Last month, Baez was present to receive a British Folk Awards Lifetime Achievement award. "As those things go, it was nice. It had an air of reality. They give out awards for Most Popular Pub. Some guy who was a local fixture came out and told stories. He was like everyone from an Irish bar in one person. So if I'm going to go to an awards event, that's certainly the kind I'd choose," she says.
"In England, folk is given its due more than here. But awards like that come with the territory of surviving this long, keeping the music fresh, letting them know you're not stuck."

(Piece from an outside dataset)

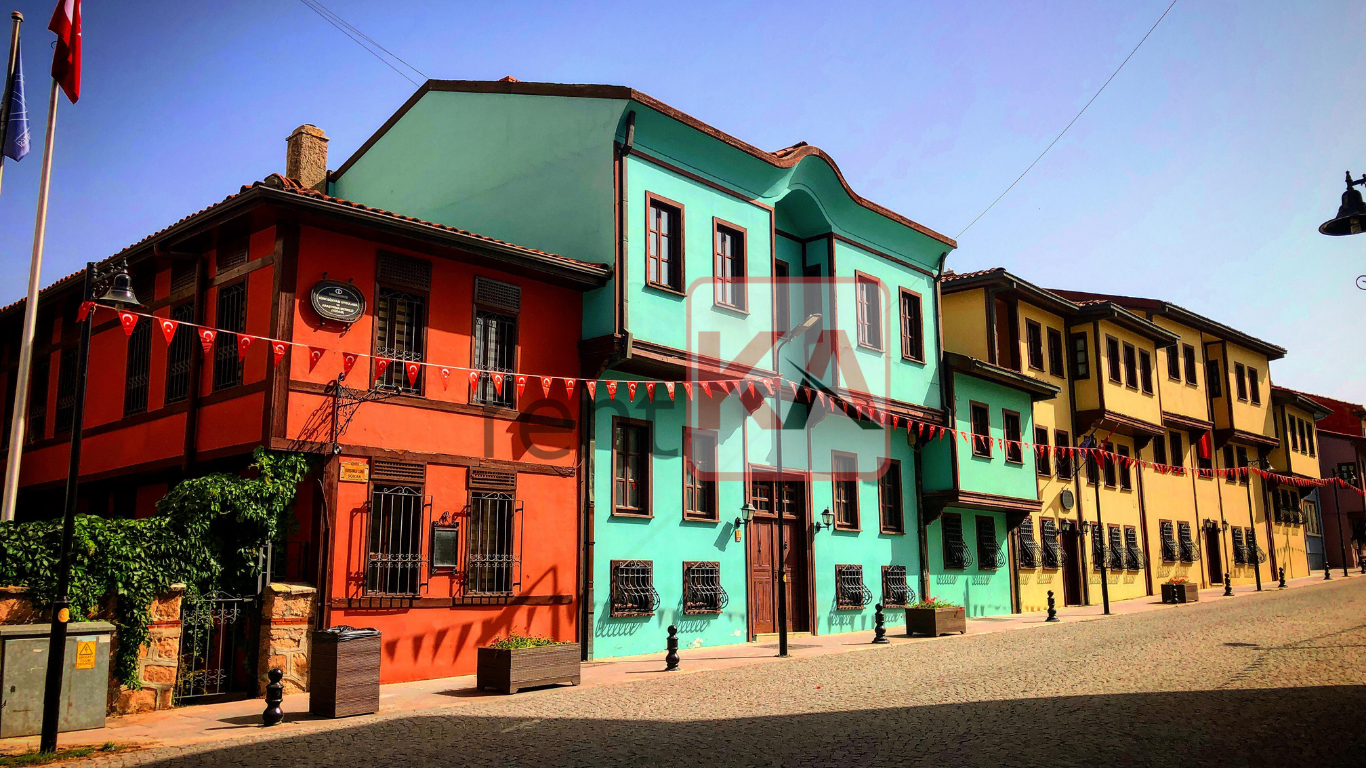 Odunpazarı Araç Kiralama: Konforlu ve Güvenilir Yol Arkadaşınız - Eskişehir Araç Kiralama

Baez, who dropped from sight in the '80s after leaving A&M Records, knows that the major labels aren't for her. "I don't belong there. I've talked to Jackson Browne and Bonnie Raitt and Sting, and it's universal. Once you get to a certain age, it doesn't matter what you hand them. Springsteen seems ageless, but that's an exception.
The reissue market for her material remains strong, though -- a fact Baez is wary of after a boxed set of rare material and several two-fer packages. "I had never listened to my early material until about four months ago. I became a little infatuated with it," she admits with a laugh. "But I do remember fighting with (her first label) Vanguard about another goddamned two-fer. I felt like an old milk cow squeezed for every drop." Still, Baez is pleased to find most of her work available decades on.
Baez's albums, particularly the early, vibrato-drenched releases, aren't real laugh-getters, but her sense of humor comes through in conversation, and she resists the charge of "stodginess" yoked to her by critics. "I never wanted to be the oldest living folk singer. I never would have started doing contemporary songs if that were true. But I ain't Tina Turner," she says.
But like Turner, Baez doesn't plan to stay mobile forever. A decade after her successful autobiography, she's moving closer to publishing her poetry (which she occasionally reads to concert audiences). "Poetry just pours out of me uncensored, without rhyme or structure," she says. "I started writing it about nine years ago and went dashing off to Nashville, poems in hand, thinking I'd turn them into songs. But it's too funky to revamp into songs, though I have great faith in a lot of it."
The effort comes at the expense of her songwriting. She laughingly says that she's "too lazy" to write songs now, a dry spell she reports that has lasted six years. Baez's manager instead works diligently -- listening up to 200 times to each song on tape, she says -- to find material for her.
Now backed by a full band, Baez concentrates on her voice rather than the guitar. "I have a guitar player for a reason. He's 24 and sleeps with it, which is what I did when I was that age. On the other hand, when I was listening to those old songs, I actually went upstairs and played after dinner, something I hadn't done in years."
She may as well practice. Even in an election year, Baez says she chooses to tune out "whatever you want to call the charade of what's going on on television." She claims not to have formed an opinion about any of the candidates, focusing instead on issues like Illinois' recent moratorium on executions pending investigation of the judicial system. That kind of news intrigues Baez. But debates and polls? "I just turn the TV off, practice my meditation, and pray."